— Француз?! — удивился Люк.
— Они интернационалисты. А этот офицер воевал в Испании и даже стал их «рыцарским» кавалером — Героем Советского Союза. Так что поторопитесь, а то война может скоро окончиться!
— Англичане упрямы, майн герр, — осторожно сказал Люк, хотя слова генерала вызвали живейший отклик в его душе.
— Их Черчилль может сейчас заключить почетный мир, пока мы не дошли до Суэца, а русские не рванулись в Индию. А потом будет поздно. Когда красноармейцы дойдут до Инда, то ты сам знаешь, насколько в тех землях любят надменных «белых сахибов». Так что поторопись, Люк, я долго торчать в этих песках не намерен!
— Яволь, майн герр!
Люк улыбнулся сам себе — как ни странно, но воевать не было ни малейшего желания, ведь его ждет невеста.
Потом будут дети, и он дождется внуков, которым и расскажет, что такое война, ибо всем сердцем сейчас желал только одного — чтобы в будущем люди не знали и не желали, что такое проливать кровь в угоду политикам. Ведь мир сам по себе есть великое счастье, которое нужно бережно хранить…
ВМЕСТО ЭПИЛОГА
Москва
(3 октября 1993 года)
— Хороший комментатор! Все понятно даже мне, хотя я русским языком владею не совсем хорошо!

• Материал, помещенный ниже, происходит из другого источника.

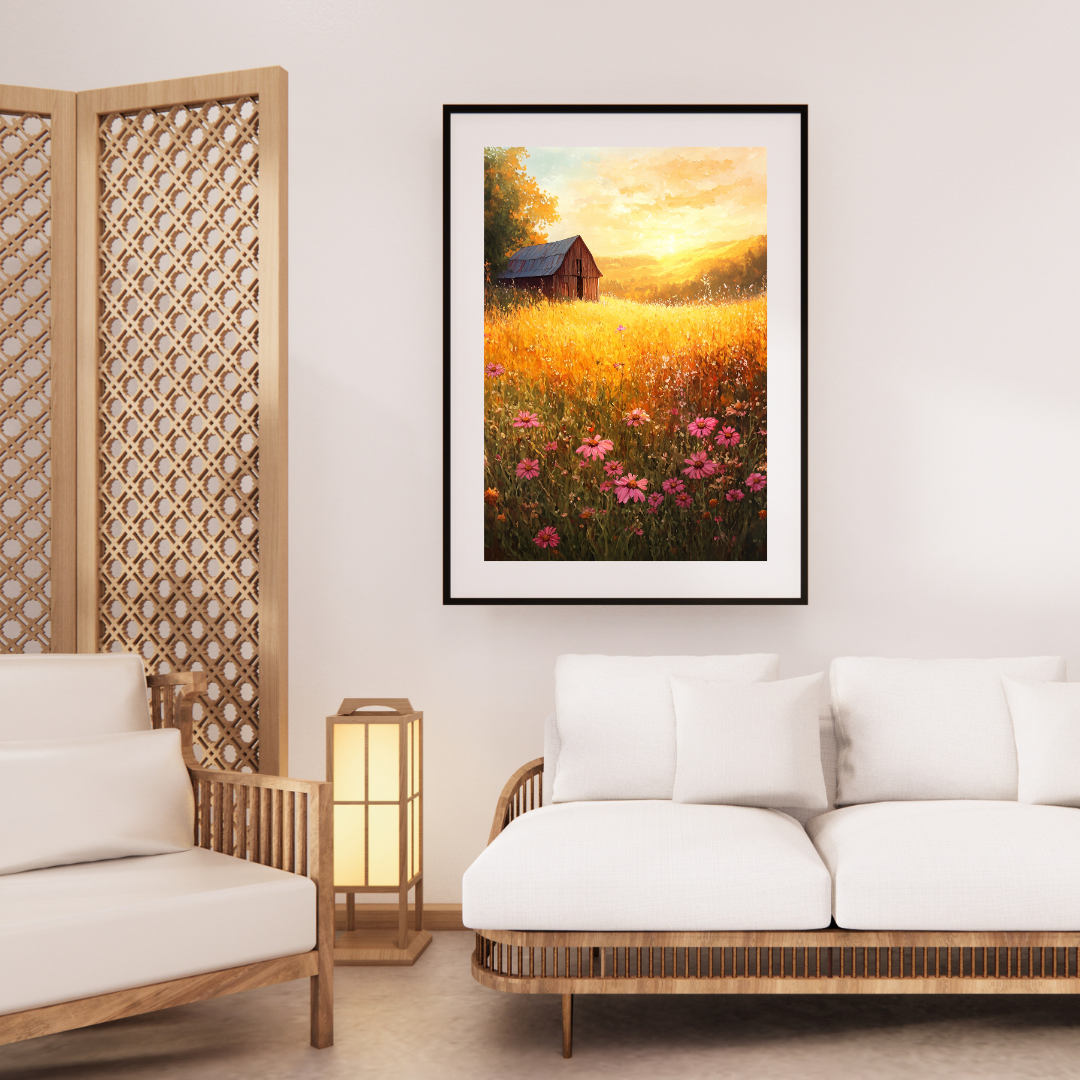 Sunrise in Meadow Field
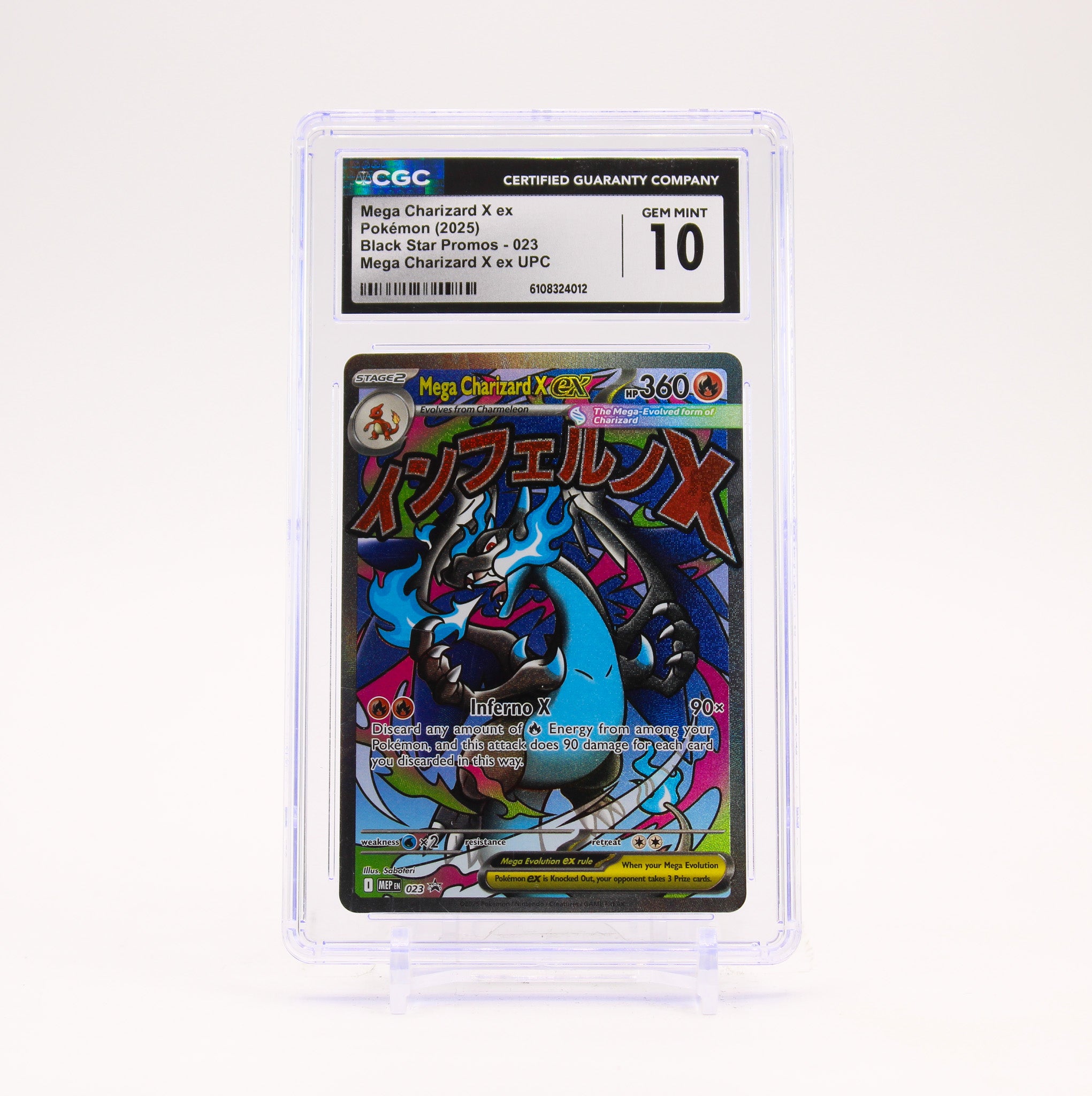 Mega Charizard X ex - MEP023 CGC 10 UPC Promo Pokemon SCRATCHED CASE - GEM MT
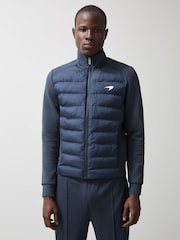 Reiss Airforce Blue Mayer McLaren F1 Team Quilted Hybrid Jacket - Image 3 of 8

Молодой парень, белобрысый, лет двадцати пяти, в черной спортивной куртке на молнии с эмблемой «Адидас» поднялся с кресла и сладко, как сытый и довольный кот, потянулся.
Солнечный луч отразился от серебряного значка в виде черепа, прикрученного на груди, под черно-красной ленточкой.
— Не прибедняйся, Курт, тебе не идет!
Андрей Родионов мотнул головою, не соглашаясь с давним приятелем, русская речь которого была хорошо понятна, намного лучше того немецкого, на котором он сам говорил.
— Давай пивка тяпнем за встречу?! Еще будешь?
— Я, я, — мгновенно осклабился Курт Майер и лихо, в один прием, вскрыл две бутылки «Жигулевского».
Они уже поглотили по литру, смотря увлекательный матч за третье место «Славянского Кубка», забыв про все на свете и отложив все расспросы на перерыв.
Майер весь чемпионат «проболел» в Петербурге, где свои матчи играла сборная Германии, а Родионов и так жил в Москве, где играла сборная России, в общежитии педагогического института, в котором учился.
И только Андрей собрался посмотреть по телевизору прямую трансляцию игры за бронзовые медали, как в комнату ввалился дружище «Панцер Майер», с которым он познакомился восемь лет назад в Братиславе, на таком же «Кубке», но не на матче, а в массовой драке с поляками.
Такая уж была традиция — гонористые паны задирали по очереди то немцев, то русских, но огребались от союзников, что всегда выступали плечом к плечу. С той поры переписывались, пару раз встречались, и отношения стали если не дружескими, то по крайней мере добрыми приятельскими.
Потом четыре года не виделись: оба отдавали свой воинский долг, один в панцерваффе, отчего и получил прозвище, а другой в пластунском батальоне.
— Вижу, танкистом служил?
Андрей ткнул пальцем в «тотенкопф» — такой значок ни один немец просто так не наденет, мигом за хиршу возьмут самозванца. Это у них в рейхе строго, сам видел, когда туда ездил.